CHINA CENTRAL BANK TO SELL FIRST 3-YEAR BILLS SINCE 2008

By NBF NEWS

China's central bank said it will sell three-year bills for the first time since June 2008, prompting speculation it is preparing to raise interest rates and allow gains in the yuan to help curb inflation.

The sale of $2.2bn in the securities tomorrow would be followed by issuance every two weeks, the People's Bank of China said in statement. The bills may yield 2.75 per cent at the sale, compared with 1.93 per cent on one-year bills sold yesterday, according to the median estimate in a Bloomberg News survey of nine finance companies.

Selling higher-yielding bills may be a precursor to the first increase in benchmark lending rates in more than two years and allowing yuan gains, said Jiang Chao, an analyst at Guotai Junan Securities Co., the nation's largest brokerage by revenue. Policy makers from China to India have begun withdrawing economic stimulus this year, seeking to prevent asset-price bubbles as Asia leads the recovery from a global recession.

'This is meant to pave the way for the central bank to raise interest rates or resume yuan appreciation,' said Jiang. 'The PBOC can drain liquidity by issuing bills if the interest- rate hike or appreciation attracts more hot money.'

China's stocks dropped for the first time in four days, led by developers. The Shanghai Composite Index fell 0.3 per cent to 3,148.22 at the close. The seven-day repurchase rate, which measures interbank funding availability, rose eight basis points to 1.7 per cent.

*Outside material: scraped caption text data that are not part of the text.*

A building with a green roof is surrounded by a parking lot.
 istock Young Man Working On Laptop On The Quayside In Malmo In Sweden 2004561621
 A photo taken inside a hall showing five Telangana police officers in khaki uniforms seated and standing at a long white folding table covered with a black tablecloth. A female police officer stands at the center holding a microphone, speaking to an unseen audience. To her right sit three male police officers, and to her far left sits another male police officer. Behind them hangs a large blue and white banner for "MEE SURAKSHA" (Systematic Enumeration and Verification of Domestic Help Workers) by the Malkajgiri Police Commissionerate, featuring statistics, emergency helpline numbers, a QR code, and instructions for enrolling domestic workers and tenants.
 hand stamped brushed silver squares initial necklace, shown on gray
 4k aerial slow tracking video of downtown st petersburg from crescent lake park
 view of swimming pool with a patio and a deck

Yuan forwards traded near an 11-week high on speculation China will end a 21-month-old peg to the U.S. dollar to help curb inflationary pressures. US Treasury Secretary, Timothy F. Geithner said China needed to make its own decision on when to revalue the yuan. Twelve-month non-deliverable forwards were at 6.6295 per dollar, reflecting bets the currency would strengthen 2.8 per cent from the spot rate of 6.8254.

The People's Bank is targeting a drop of 22 per cent in new lending this year from 2009's record 9.59 trillion yuan and had told banks twice this year to set aside more cash as reserves. India increased interest rates last month for the first time in almost two years. Australia's central bank has raised borrowing costs in five out of the past six meetings.